Jeremiah read about a Japanese artist (Yoyoi Hasami) exhibiting in London who does installations of small mirrored rooms. We decided we had to check it out! We took the tube to Angel, and an industrial part of London we'd never visited before, to the Victoria Miro gallery. There was a queue of hip, young urbanites outside the door that stretched down the block. We were in the right place.
Once inside we stood in yet another queue to go up the stairs, where were greeted by huge gold polka-dot pumpkins, and yet another queue to step inside the first room.
But it was definitely worth the wait! Her parents raised squash on a farm and she has loved them since she was a little child. She calls them a combination of humble and amusing. She also suffered from hallucinations of repeating patterns in early childhood, and these show up in her work, as you can see.
Next we went back downstairs and waited in another queue before stepping into this room:
She calls it "Candelier of Grief."
Outdoors there was a permanent installation in the water garden called "Where the Lights in My Heart Go."
There was another mirrored room on the patio punctuated with tiny holes of daylight. Inside it feels like you're surrounded by a starlit night sky. Upstairs was a huge gallery filled with a series of paintings she calls "Infinite Nets."
Next adventure: Abbey Road
We took the tube to St John's Wood and walked a few minutes until we arrived at an intersection filled with people taking photographs. First thought: what a let-down. It was just a small crosswalk on a busy street.
Doesn't look like much, but this is Abbey Road Studios, started by Sir Edward Elgar in 1930, and broadcasting source of the famous "King's Speech" in 1939. (Collin Firth spoke into that same microphone in the movie--which, by the way, is rated 15 and up in the UK, and is a must/see.) then four lads from Liverpool auditioned there and changed music history. "Abbey Road" was recorded in 1969, and the studio changed its name from EMI to Abbey Road a year later.

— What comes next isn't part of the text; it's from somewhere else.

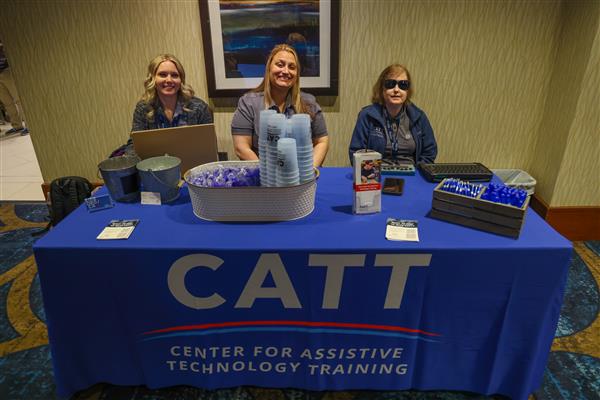 CATT staff Megan Green, Katy Reid, and Jill Dunaway pose for a picture at CATT's DBL booth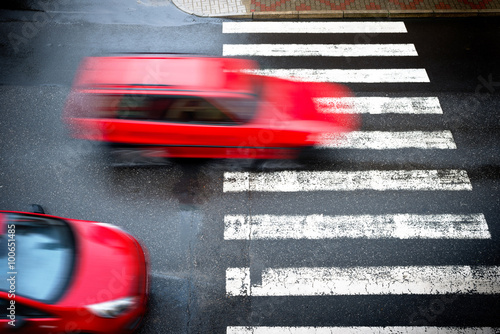 two red cars on the pedestrian crossing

Here's a shot of Jeff and Jeremiah making the obligatory crossing while I risked my life in the middle of the street to take the photo. 😉 We decided Abbey Road was pretty cool after all.
For the final topper we went to St Martin in the Field--a small church adjacent to Trafalgar Square, and one of my favorite venues in London--to hear a candlelight concert of Mozart's Requiem by the Academy Voices. It was sublime. My favorite was the Lachrymosa. And a warm-up piece they did, "Ave Verum Corpus" that was so unbelievably gorgeous it brought me to tears.
Days don't get much better than this! Or end more beautifully.